Distributed Rate Limiting with Redis

November 16, 2022 · 4 min read · by Muhammad Amal programming

TL;DR — Redis Lua scripts give atomic rate-limit operations across distributed services. Token bucket fits in ~20 lines of Lua. Sliding window uses ZADD + ZREMRANGEBYSCORE. Both run in O(1) memory per key. Hot key contention is the main scaling concern.

After rate limit algorithms, the distributed implementation. Single-process rate limiters don’t work across N service replicas. Redis is the standard shared store.

Why Redis

Single-node atomic ops via Lua scripts
Sorted sets perfect for sliding window
Cheap (in-memory)
Supports TTL for cleanup
Universal client libraries

For non-Redis users: memcached can do simple counters; Cassandra works at huge scale; in-process with Raft (rare). For most teams: Redis.

Token bucket in Lua

-- KEYS[1] = bucket key, ARGV[1] = capacity, ARGV[2] = refill_rate, ARGV[3] = now, ARGV[4] = requested
local capacity = tonumber(ARGV[1])
local refill_rate = tonumber(ARGV[2])
local now = tonumber(ARGV[3])
local requested = tonumber(ARGV[4])

local bucket = redis.call("HMGET", KEYS[1], "tokens", "last_refill")
local tokens = tonumber(bucket[1]) or capacity
local last_refill = tonumber(bucket[2]) or now

local elapsed = now - last_refill
tokens = math.min(capacity, tokens + elapsed * refill_rate)

local allowed = 0
if tokens >= requested then
    tokens = tokens - requested
    allowed = 1
end

redis.call("HMSET", KEYS[1], "tokens", tokens, "last_refill", now)
redis.call("EXPIRE", KEYS[1], 86400)
return allowed

From the application:

import time, redis

r = redis.Redis()
LUA = """<the script above>"""
script = r.register_script(LUA)

def allow_request(user_id: str, capacity: int = 100, refill: float = 10) -> bool:
    now = time.time()
    allowed = script(keys=[f"rl:{user_id}"], args=[capacity, refill, now, 1])
    return allowed == 1

EVAL runs atomically. No race conditions between read-modify-write.

Sliding window via sorted sets

def allow_sliding(user_id: str, limit: int, window_s: int) -> bool:
    now = time.time()
    key = f"rl:slide:{user_id}"
    cutoff = now - window_s
    pipe = r.pipeline()
    pipe.zremrangebyscore(key, 0, cutoff)
    pipe.zcard(key)
    pipe.zadd(key, {str(now): now})
    pipe.expire(key, window_s)
    _, count, _, _ = pipe.execute()
    if count >= limit:
        r.zrem(key, str(now))   # undo our add
        return False
    return True

Pros: precise sliding window.

Cons: O(N) memory per key (N = current count). For limits in the millions, sorted set is heavy.

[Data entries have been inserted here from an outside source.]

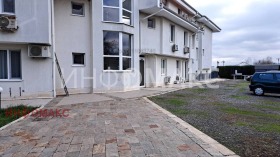 ������� 3-����� | Imot.bg � ����� ������ 12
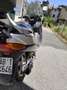 Suzuki Burgman 250 Beige - thumbnail 2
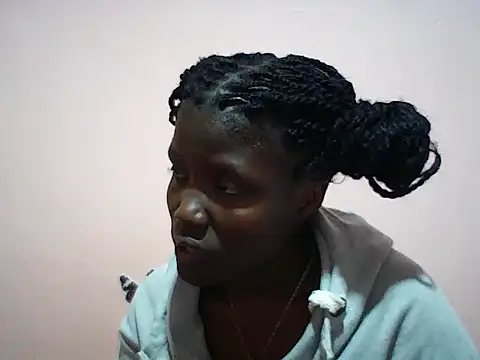 Hot_booty1 webcam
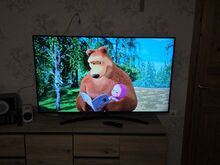 Телевизор LG 55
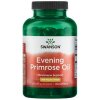 SWANSON EPO (Olej z wiesio³ka) 500mg 250 kaps
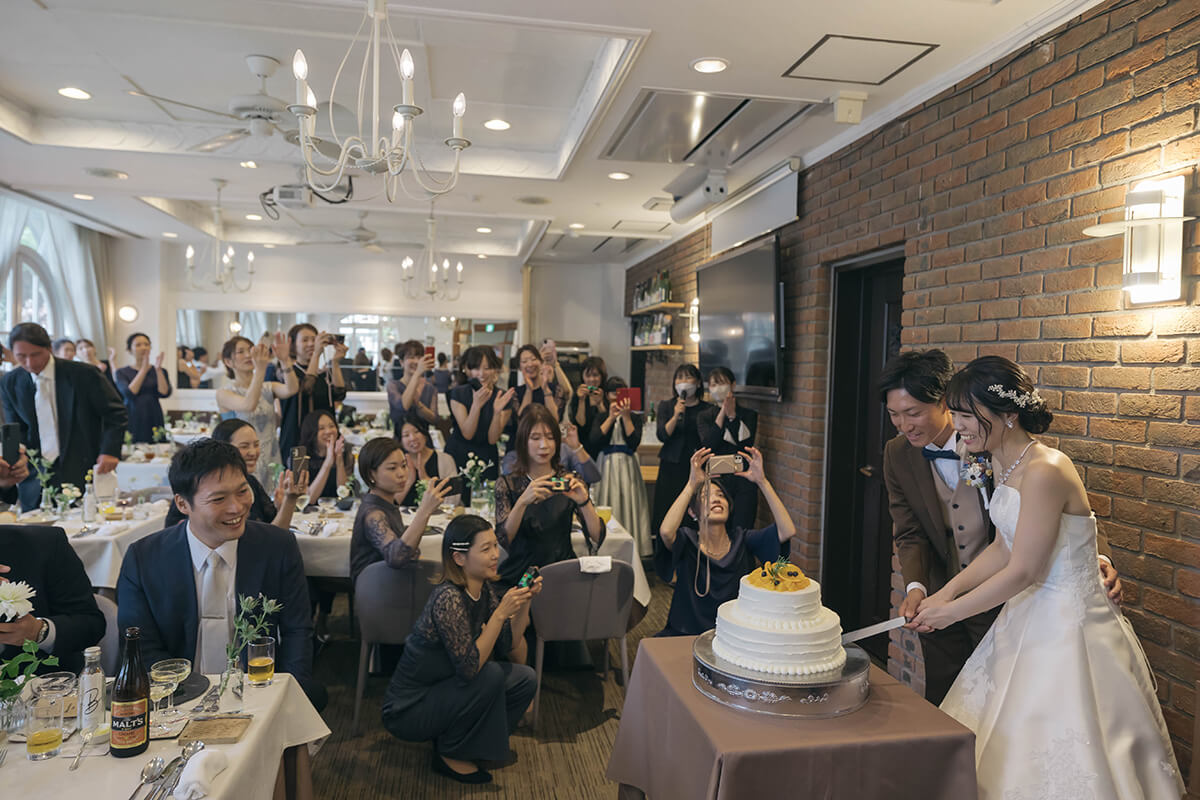 ヴィラブランシュ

For high-volume use, prefer token bucket; reserve sliding window for low-rate, fairness-sensitive endpoints.

What I use in production

For most rate limits: Lua-based token bucket.

import "github.com/go-redis/redis_rate/v9"

limiter := redis_rate.NewLimiter(rdb)

func loginHandler(w http.ResponseWriter, r *http.Request) {
    res, err := limiter.Allow(r.Context(),
        fmt.Sprintf("login:%s", clientIP(r)),
        redis_rate.PerMinute(10))
    if err != nil {
        // Redis down — fail open or closed depending on policy
        http.Error(w, "internal", 500)
        return
    }
    if res.Allowed == 0 {
        w.Header().Set("Retry-After", fmt.Sprint(res.RetryAfter.Seconds()))
        http.Error(w, "rate limited", 429)
        return
    }
    // ... actual login logic
}

redis_rate is a Go library implementing token bucket via Lua. Equivalent libraries in Python (limits), Node (rate-limiter-flexible).

Multi-tier limits

Often you want multiple limits at the same time:

10 logins/minute per IP
100 logins/hour per IP
5 logins/minute per email

res1, _ := limiter.Allow(ctx, fmt.Sprintf("login:ip:%s", ip), redis_rate.PerMinute(10))
res2, _ := limiter.Allow(ctx, fmt.Sprintf("login:ip:h:%s", ip), redis_rate.PerHour(100))
res3, _ := limiter.Allow(ctx, fmt.Sprintf("login:email:%s", email), redis_rate.PerMinute(5))
if res1.Allowed == 0 || res2.Allowed == 0 || res3.Allowed == 0 {
    rateLimit(w)
    return
}

Each tier is a separate Redis op. Adds latency; usually <1ms per. Three operations = ~3ms additional latency. Acceptable.

Fail-open vs fail-closed

When Redis is down, what does your rate limiter do?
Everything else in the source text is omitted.